A colony ship will follow about three months behind you, on your trajectory. Given the slower speed, however, they will be many years behind you in travel time, and that gap will increase, the farther you go. If you find a planet that is suitable, or you determine that a system is unusable, beam the answer back at Tarshen, and the colony ship will see it, and make appropriate changes.

Good luck, and don't forget to follow your assigned route.

All of Tarshen is counting on you.

Exploration Control 


Shaking, Gerleesh returned to the control cabin. She calculated the route that would get her to her nearest planet, using only the secondary drive. Over a hundred fifty of her years. She had thought it would be nine months. No wonder the recycling system was so robust.

Still in shock, she looked at the numbers for a moment, and then calculated the time it would take her to explore the ten star systems on her list, assuming she spent a local year in each system. Over a thousand years, even if she never came back to what was certainly a dead planet. Even with the best techniques for keeping her healthy, she would nearly die of old age before she completed her mission.

A Tarshen who had given birth could stay alive much longer, but she would go insane.

Gerleesh had known the mind-touches of her mother all her life, but now she would be utterly alone, for the first time now, and for the rest of her life. How could she not go insane? Others like her had done it, so perhaps she could, too. All that time, all alone!

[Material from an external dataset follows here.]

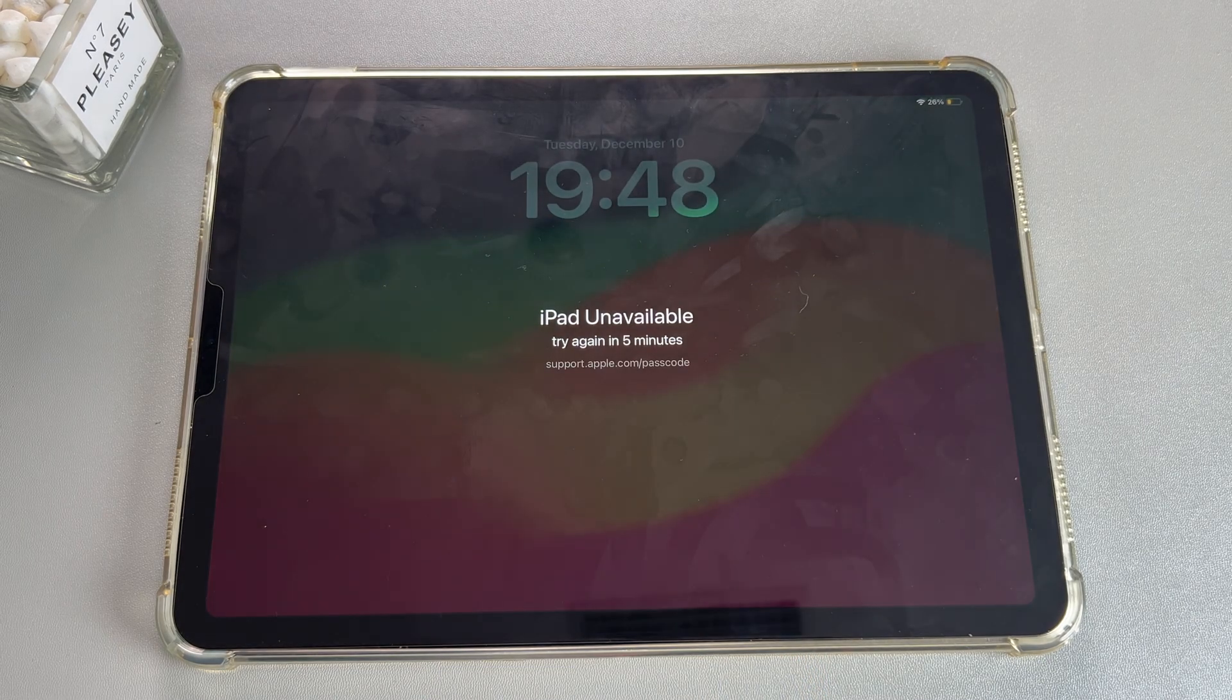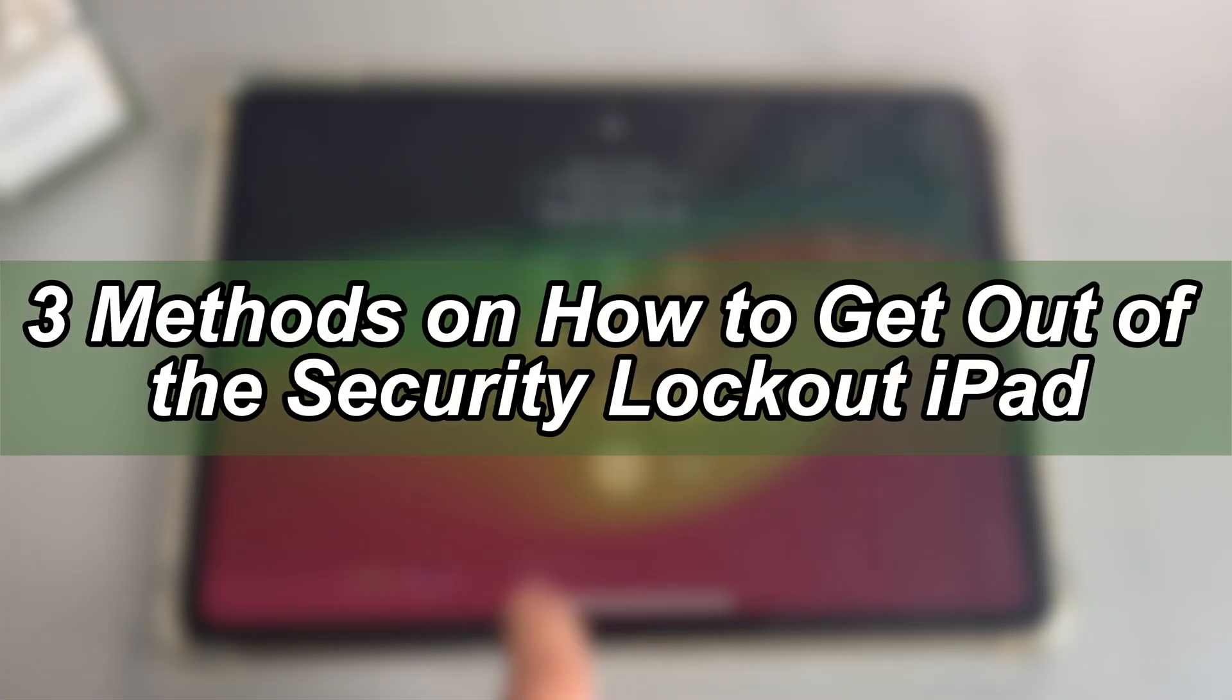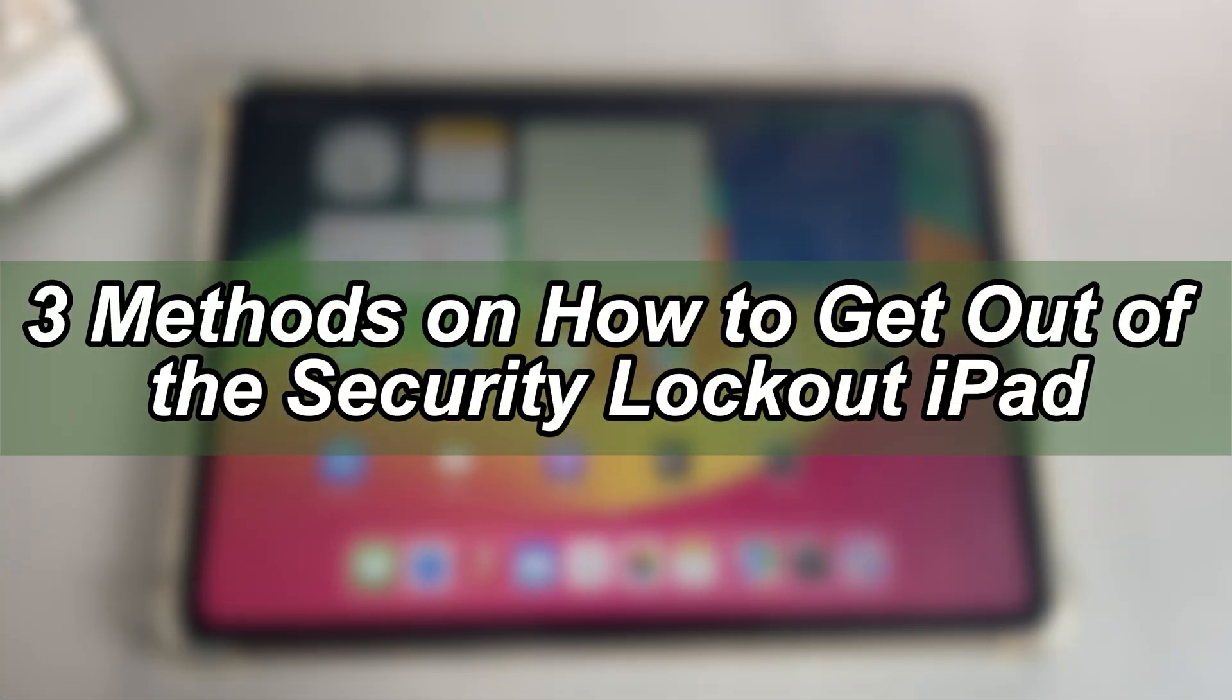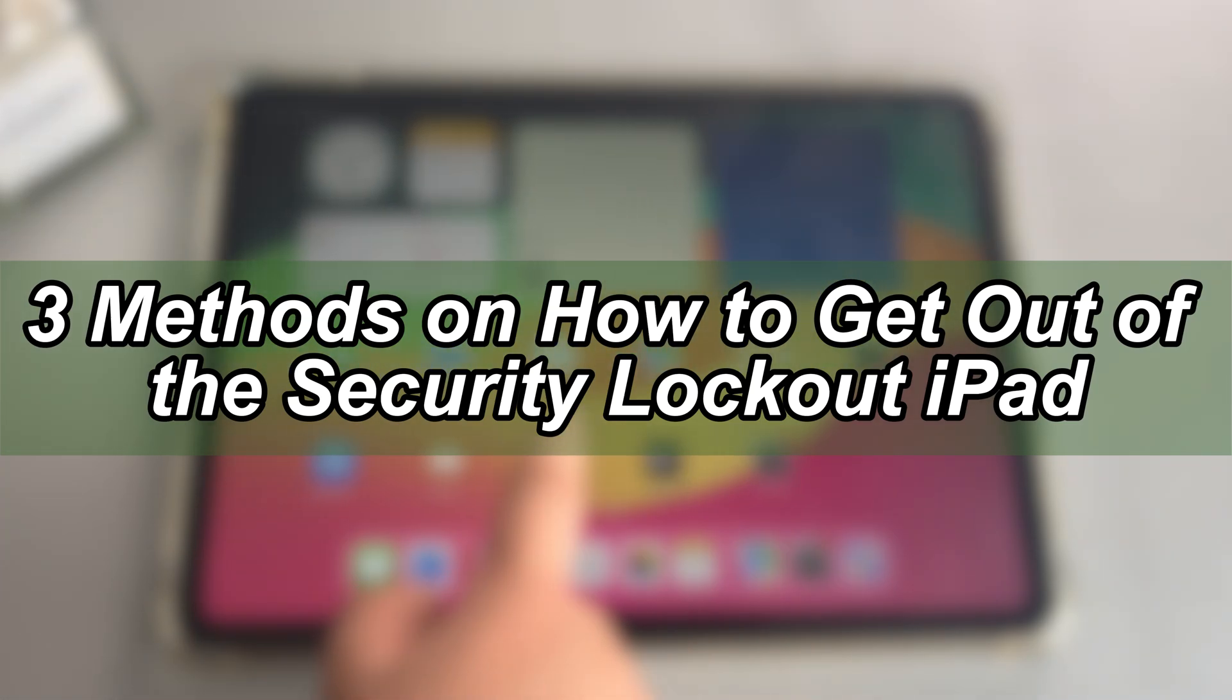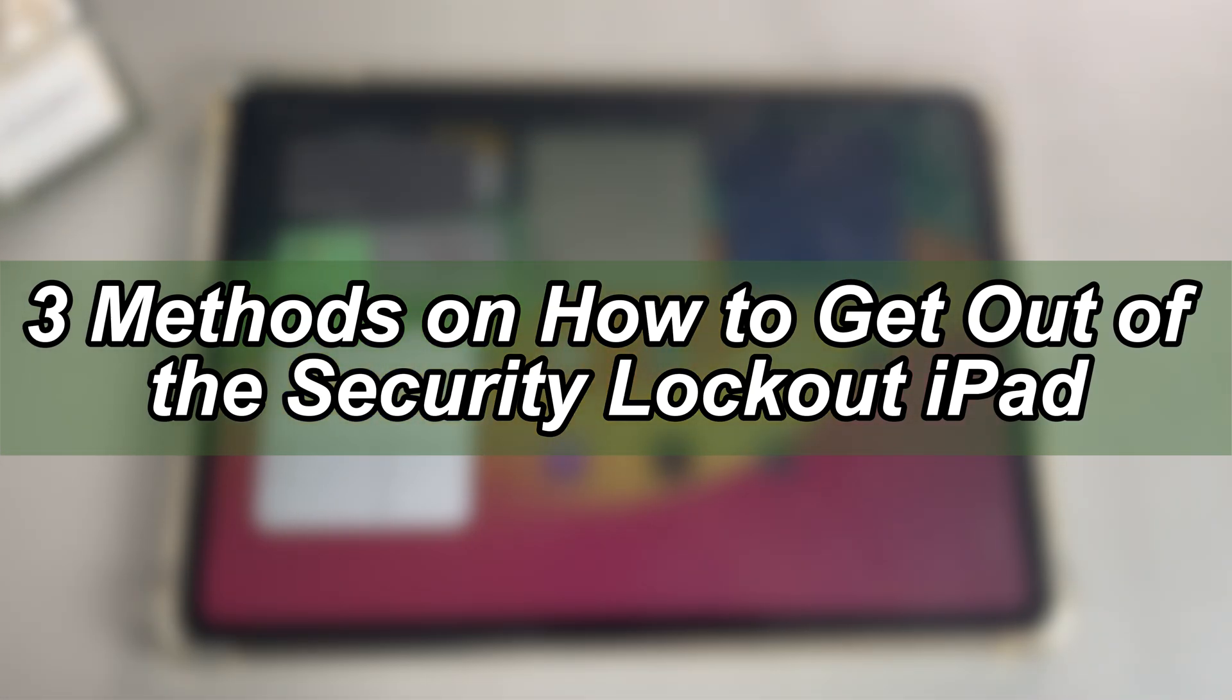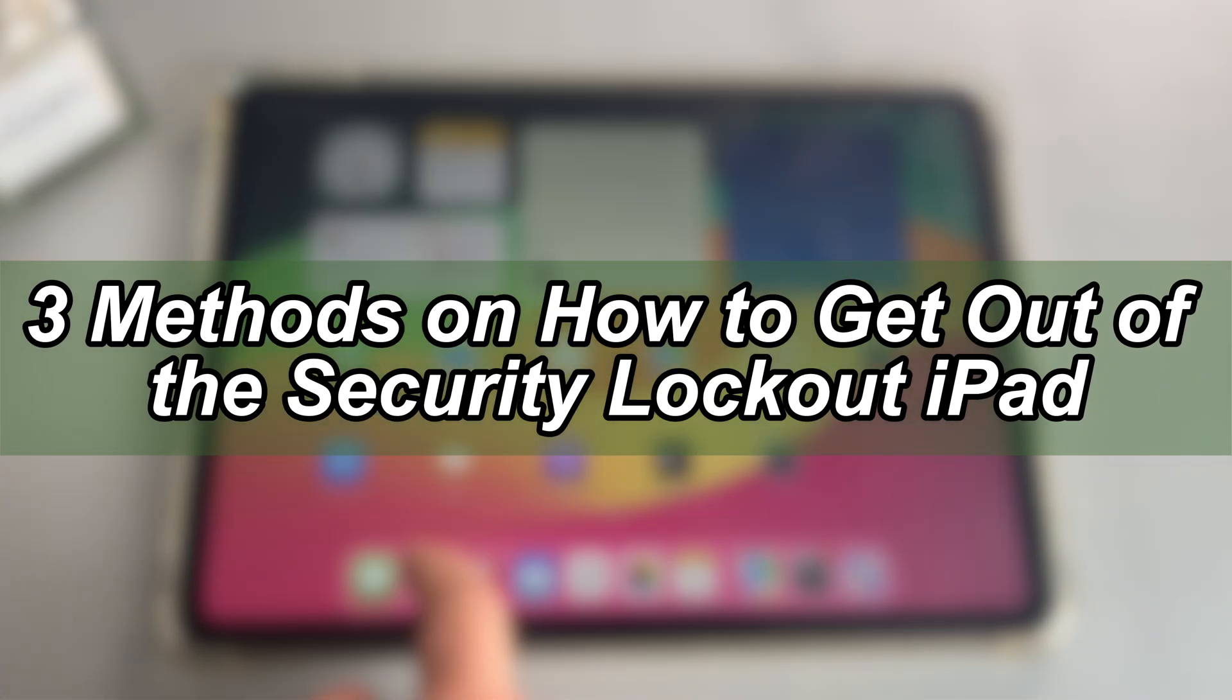In this video, we will show you three different unlocking methods on how to get out of the security lockout iPad with 100% success. Let's dive in.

Gerleesh could not even be angry at her betrayer. She was doubtless already dead, and her lie had allowed Gerleesh to live. And, yes, Gerleesh admitted to herself, it might have given Tarshen a chance to live, too. At least, it would if they had more time.

But now there would be no Tarshen. Not now, and not ever. Behind her, she could still see fire spreading across the planet of her birth as it rotated. She began calculating a turn that would put her in the direction of that first star, while keeping her where the radiation from the expanding star would let her survive. Maybe she was the last of her kind. Maybe there was no one, ever, who would follow her. But she would still do her duty, as a last remnant of a lost people. It was the only path she knew.

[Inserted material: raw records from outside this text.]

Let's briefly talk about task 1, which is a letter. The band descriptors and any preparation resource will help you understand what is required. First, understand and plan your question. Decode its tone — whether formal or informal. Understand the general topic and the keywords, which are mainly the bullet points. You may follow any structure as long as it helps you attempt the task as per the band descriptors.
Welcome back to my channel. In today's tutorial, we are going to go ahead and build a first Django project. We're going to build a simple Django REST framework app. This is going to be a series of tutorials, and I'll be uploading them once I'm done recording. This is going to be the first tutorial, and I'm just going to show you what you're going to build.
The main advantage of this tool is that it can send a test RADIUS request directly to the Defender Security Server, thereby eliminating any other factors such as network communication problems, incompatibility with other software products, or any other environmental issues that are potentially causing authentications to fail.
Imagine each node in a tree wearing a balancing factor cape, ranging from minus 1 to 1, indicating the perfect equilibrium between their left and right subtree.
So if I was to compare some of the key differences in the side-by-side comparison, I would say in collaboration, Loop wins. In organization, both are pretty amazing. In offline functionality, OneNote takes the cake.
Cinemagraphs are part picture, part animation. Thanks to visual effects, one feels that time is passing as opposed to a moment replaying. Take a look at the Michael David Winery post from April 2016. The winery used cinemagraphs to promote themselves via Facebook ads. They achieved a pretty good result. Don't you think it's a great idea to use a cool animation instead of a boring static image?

She would survive, a lost child without a mother or a home or a people, into the endless void that mirrored her heart. She would never know love, she would never hear the songs of her mothers, and she would never have a child of her own. All her hopes, loves, and dreams were behind her, never to be seen again.

Somewhere out there, she thought, I must find a place I can call home, even if all I do is die when I get there. Mother would want that for me, even if I no longer want it for myself.

She spoke to the ship, and told it to set up an agenda for her that would let her complete all the pieces that were still unfinished. She had thought they had given her too many supplies and too robust a ship for a nine-month journey. Now she knew why.

She shook with sorrow as she looked into the emptiness that would be her whole existence, for the rest of a very long life, lived entirely alone.